Ambassador Muñoz is an insider, a perceptive observer, who, as a former revolutionary in the earlier part of his life, fought the Pinochet regime clandestinely and, later, in open opposition. He takes advantage of his unmatched set of perspectives to evaluate life under an authoritarian ruler, and in so doing, he shares many surprising insights about international relations, national politics, and human nature.

The challenges facing 21st-century democracy can best be dealt with by examining the realities of the past. In telling the story of Pinochet's reign, Ambassador Muñoz explains what this extraordinary figure meant to Chile, the United States, and the world. Even more, it is a lesson of what democracy could face in the future.

Please join me in giving a very warm welcome to a very special guest, Ambassador Heraldo Muñoz.

Remarks

HERALDO MUÑOZ: Thank you, Joanne, and thanks to the Carnegie Council for inviting me to talk about this book, which truly, I must say, I never intended to write.

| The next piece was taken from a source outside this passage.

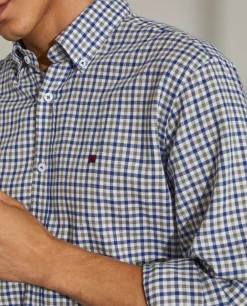 Camisa regular fit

It was the executive vice president of Basic Books who lobbied me to write it, because he knew my CV, knew my life's trajectory, and thought that my story deserved to be told. I told him initially that I couldn't do it, that I wouldn't do it, because I'm not a historian; I'm a political scientist—more of a political economist.

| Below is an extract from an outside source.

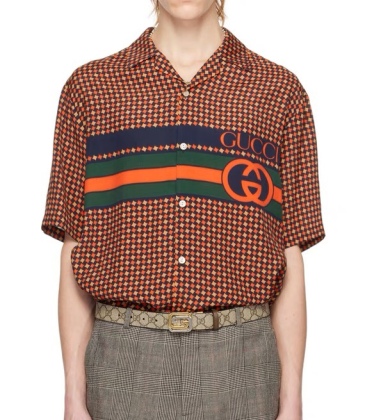 Gucci shirts for Gucci short-sleeved shirts for men #999934744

In addition to that, I said, "There may be biographies of Pinochet."

He said, "No, I don't want a biography of Pinochet. I want your story of Pinochet and what Pinochet meant, not only to your country, but to the world."

Pinochet has touched so many aspects of contemporary life, and so many individuals are associated with him, when you think of it—Henry Kissinger, Richard Nixon, Margaret Thatcher, Richard Helms, Fidel Castro, Leonid Brezhnev, Milton Friedman. These are a few that come to mind that were influential, in one way or another affected by the policies of the countries where these leaders, these opinion-makers, led or where they lived.

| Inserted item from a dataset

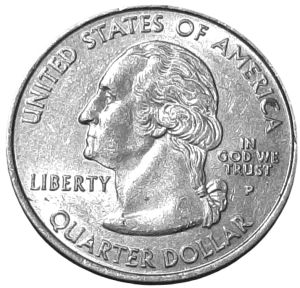 Stany Zjednoczone 25 Centów KM 347 2003P UNC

So in the end, he convinced me, and I wrote this book. It was remembering a painful period of my life, because the book begins the day of the coup, our 9/11, 9/11/73, the day the democratic government of Salvador Allende was overthrown by force, led by General Augusto Pinochet. I tell the story of what I did that day.

I tried to write a book that would be lively, that would convey to the reader not the academic analysis of a period that could be found in other publications, but rather my own memoir.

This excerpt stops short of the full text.